Leaking versus Condensation, it’s the big battle, the showdown when trying to decide if there is a fault with your tent or if it’s just nature making your sheets soggy….
When moist, warm air comes into contact with either a surface or air that is colder than it is, the warm air cannot retain the same amount of moisture as it did and therefore water is released either into the air or onto the colder surface which causes condensation to form.
Most houses these days have double glazing which largely eradicates problems with condensation in most homes. However, some of us will be old enough to remember condensation dripping down the inside of an old single glazed window in the morning, that’s exactly happens in your tent or awning.
When you’re in a tent with a few other people, all breathing, talking and exhaling warm air. If it’s cold outside then the relatively warm air in the tent hits the cool fabric, it condenses into liquid form. Leaving your air vents open and even a door slightly open to allow a passage of air will reduce condensation, but if there’s not much of a breeze then unfortunately the cool moist air will remain in your tent and condensation will form. The fact is, the average person can produce up to one pint of condensation per night so if you have a big family, as they say in the USA…….do the math.
Condensation is more likely to be worse after a warm day when there’s a significant drop in temperature. Rainy conditions can also make things worse, especially due to the fact that those water droplets that might well stay in place and eventually evaporate in still conditions, will soon start to drip as the rain pounds and vibrates the fabric of your tent.
Condensation in Air Tents
If you have an air tent then you might well see water forming on and subsequently running down the beams and in extreme cases pooling at the base of the beams.
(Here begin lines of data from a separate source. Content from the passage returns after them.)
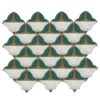 Composizione di Piastrelle in Ceramica Verde Zafferano con Motivo Floreale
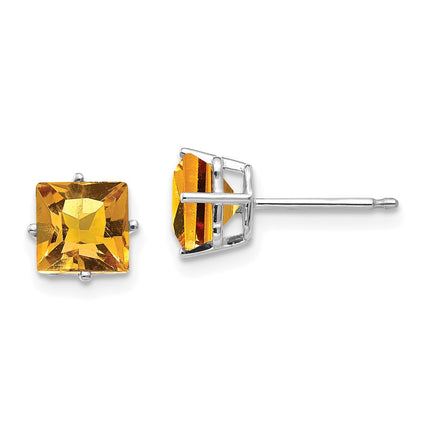 14k White Gold 6mm Princess Cut Citrine Earrings ,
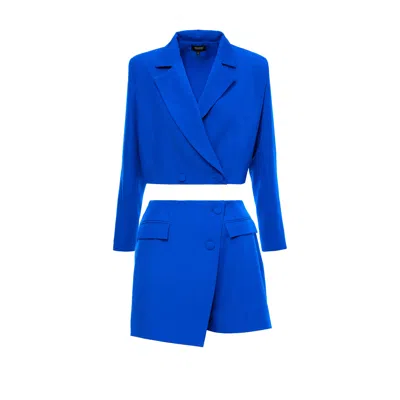Bluzat Women's Electric Blue Suit With Cropped Blazer And Skort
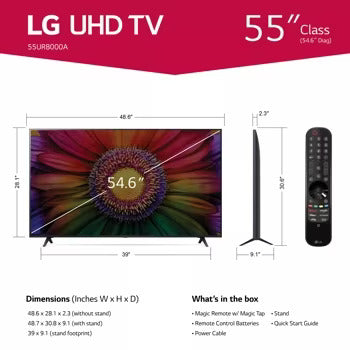 PANTALLA LG 55 Inch Class UR8000 series LED 4K UHD Smart webOS 23 w/ ThinQ AI TV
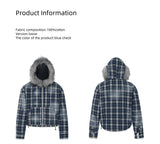 HAS2SONS Thick Blue Grid Lamb Wool Jacket Winter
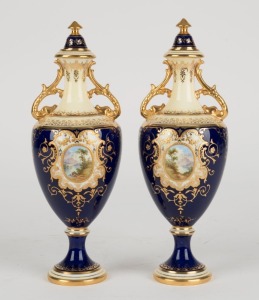 COALPORT pair of antique English porcelain blue and gilt vases, titles "ELLSMERE", and "ULLSWATER", painted by PERCY SIMPSON, early 20th century, green factory marks and titles to bases, ​​​​​​​22cm high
The air which circulates around the beams is insulated and warm. When it rains and the temperature outside suddenly drops then the temperature of the air inside the beams drops quite quickly. At this point moisture will appear as water droplets on the beams themselves and start to run. It’s not surprising that this confluence of events makes many people think that rain is coming in where the beams meet the fabric of the tent. In reality it’s more than likely good old condensation. We think it’s worth putting up with a little bit of soggy beam every now and then bearing in mind the wealth of benefits offered by a modern Air Tent.
If you have a wet tent then a good way to dry it is to wipe it down with a cloth or towel.
Condensation will mostly be a problem in Polyester tents as the fabric isn’t breathable. Polycotton tents breath so condensation is less of an issue in these models.
Next time you go camping you can keep condensation to a minimum by storing any wet gear outside if possible. Don’t cook inside (condensation can be the least of your worries here…) Try and pitch in a spot that gets a bit of natural breeze, and if the surface looks a bit wet, don’t touch the sides!
If it’s a bit chilly in the evening and you have a heater on, beware, you will pay for it with condensation in the morning!